In the most simple sense – if the average points achieved by most students have increased, the requirements needed for each course are sure to soar too. This, paired with a record number of applicants to high-points courses, means that students may have to gear themselves up for a major mood change when Friday’s course offers are released.

For deferral students especially, yesterday’s results may have dissipated hopes entirely. While many may have taken a gap year for financial or personal reasons, these applicants now have the daunting task of going up against a group of students who have achieved the highest leaving certificate results ever recorded. While it may have been obvious in previous years that the leaving certificate was not quite the great equaliser it claims to be, this year may prove especially cruel.

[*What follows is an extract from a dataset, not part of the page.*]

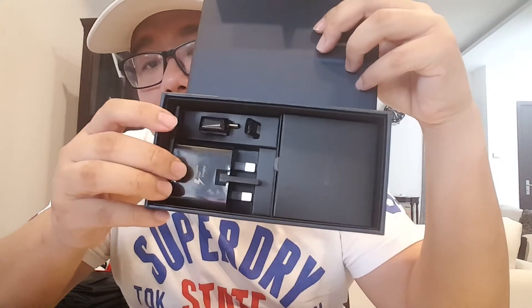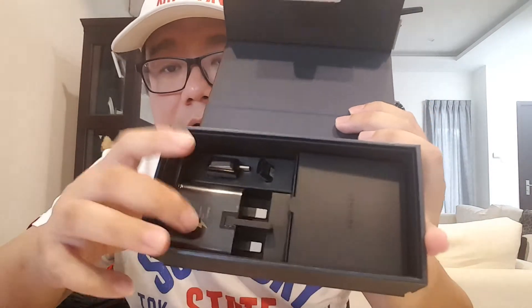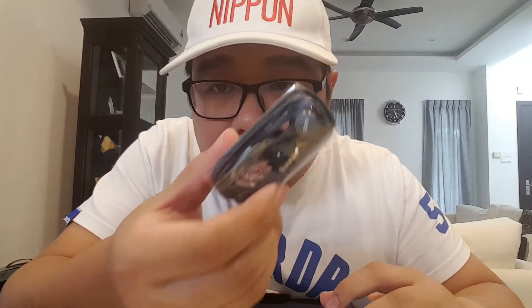So this is the box — it's black in color, very classy looking. Inside you have the pin and the manual. Here's the charger, which is a fast charger. If you use Samsung you should know this fast charger is really fast. And also the USB cable and the AKG earphone — can you see? Focus. AKG earphone.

Hope is not entirely lost for students, however. A preemptive decision by Minister for Higher Education Simon Harris to expand many university class sizes may have curtailed the disastrous potential of the not-tried-and-tested calculated grades system. While 360 of the places will be made in the health and education sectors, the remaining will be spread out across other high demand courses. Although this may allow for a greater proportion of incoming fresher students to secure their place in higher education, students should perhaps hold back on celebrations until the reality of this surge of interest plays out on Friday.

In the midst of such worldwide trauma and disarray, students being overjoyed by their grades is certainly a reason to celebrate. Yet, like many factors of this complicated and unrelenting virus, the effect of this one-year-only calculated grades system will be felt across the higher education sector for many, many years to come. And if the past is any indication of the future, this major increase in points requirements may take years to come back from.